Scuderia Ferrari dominated in part because the founder was an impossibly hard-driving boss who rarely spent a day
away from the factory. He worked seven days a week, even in August, when Italian industry shut down. He claimed to have never vacationed. “One must keep working continuously,” he wrote, “otherwise, one thinks of death.”
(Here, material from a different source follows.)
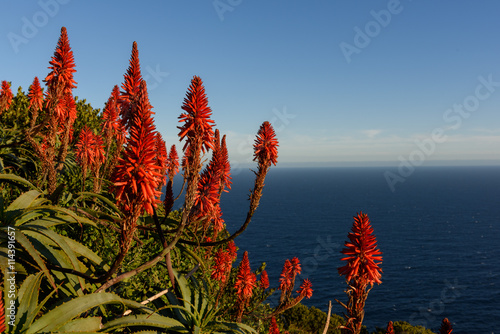 Flowers near Cape Of Good Hope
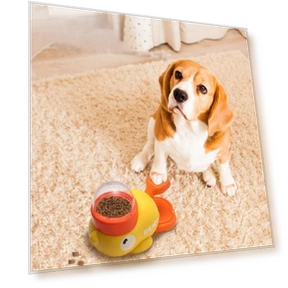 Automatic Pet Feeder — Automatic Feeders, dashiyes00w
Ferrari intimidated his drivers with extreme outbursts of temper and gratuitous displays of bullying. The first time Hill visited Modena, Ferrari took him to lunch at Oreste, a restaurant in the old district. The owner brought out a special reserve of Lambrusco and made an elaborate presentation of its uncorking. “Ferrari took a little mouthful, thoughtfully testing, and then, with a grimace, spat it on the floor,” Hill said. “He made no attempt at not making a mess of it, and said it was the worst stuff he'd ever tasted.” Then he laughed to show that it was a sardonic joke.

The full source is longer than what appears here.